The Olympiad-style question I was given was as follows:
A function $f:\mathbb{N}\to\mathbb{N}$ is defined by $f(1)=1$ and for $n>1$, by: $f(n)=f\left(\left\lfloor\frac{2n-1}{3}\right\rfloor\right)+f\left(\left\lfloor\frac{2n}{3}\right\rfloor\right)$ Is it true that $f(n)-f(n-1)\le n, \forall n \gt 1$?
Expanding $f(n)$ and $f(n-1)$, we get:
$f(n)-f(n-1)=f\left(\left\lfloor\frac{2n-1}{3}\right\rfloor\right)+f\left(\left\lfloor\frac{2n}{3}\right\rfloor\right)-f\left(\left\lfloor\frac{2n-3}{3}\right\rfloor\right)-f\left(\left\lfloor\frac{2n-2}{3}\right\rfloor\right)$
Looking at the behaviour of the function given arguments modulo 3, we can see the following, $\forall n \gt 1$, where $D(n)=f(n)-f(n-1)$:
$D(n)=\begin{cases} f\left(\left\lfloor\frac{2n-1}{3}\right\rfloor\right)+f\left(\left\lfloor\frac{2n}{3}\right\rfloor\right)-f\left(\frac{2n}{3}-1\right)-f\left(\frac{2n-2}{3}\right) & \text{if}\space n\equiv1\pmod{3} \\ f\left(\left\lfloor\frac{2n-1}{3}\right\rfloor\right)+f\left(\left\lfloor\frac{2n}{3}\right\rfloor\right)-f\left(\left\lfloor\frac{2n}{3}\right\rfloor-1\right)-f\left(\left\lfloor\frac{2n-2}{3}\right\rfloor\right) & \text{if}\space n\equiv2\pmod{3} \\ f\left(\frac{2n}{3}-1\right)+f\left(\frac{2n}{3}\right)-f\left(\left\lfloor\frac{2n}{3}\right\rfloor-1\right)-f\left(\left\lfloor\frac{2n-2}{3}\right\rfloor\right) & \text{if}\space n \equiv 0\pmod{3}\end{cases}$
But I'm not sure how to construct a suitable counter example or proof of the proposition.
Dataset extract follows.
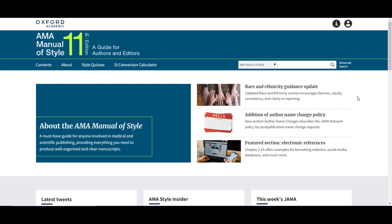The AMA Manual of Style has everything a user needs to produce well-organized, clear medical and scientific manuscripts for publication. The manual is now in its 11th edition, and the online version includes exclusive online-only content and regular updates, as well as monthly quizzes, revised chapters, blog posts, and access to the interactive SI conversion calculator.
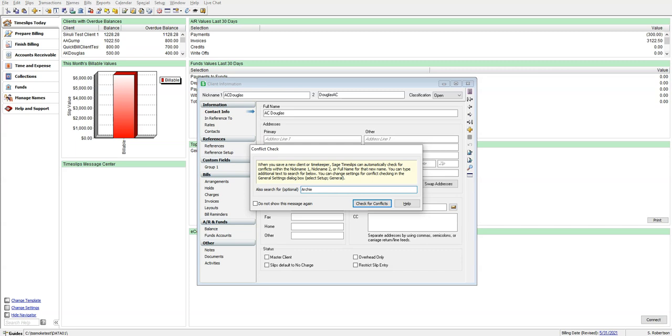What this is going to do is search all enabled fields for any text that contains AC Douglas as well as the additional text of Archie. Let's click Check for Conflicts.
A quick construction of the first 10 test cases, shows that $D(n)=1: n\equiv1\pmod{3}$, and $D(n)=1:n\equiv0\pmod{3}$.
However $D(2)=1$, $D(5)=2$ and $D(8)=4$, suggesting a power of 2 escalation, which would mean for sufficiently high $n:n\equiv2\pmod{3}$, $D(n)\gt n$, but I'm unsure how to show this.
Thanks in advance!
EDIT: Continuing my construction of the sequence has shown there is no power of 2 escalation, for successive terms $n\equiv2\pmod{3}$, however, as pointed out in the comments, all of the differences are powers of 2.
EDIT 2: If it helps anyone, by plotting a graph on Mathematica, I was able to determine that the assertion is false, with a counter example at $n=242$, with $f(242)=3072$, $f(241)=2816$, and therefore $f(242)-f(241)=256$, and as $256 \gt 242$, the assertion is false. But how could I disprove the assertion mathematically, without a computer?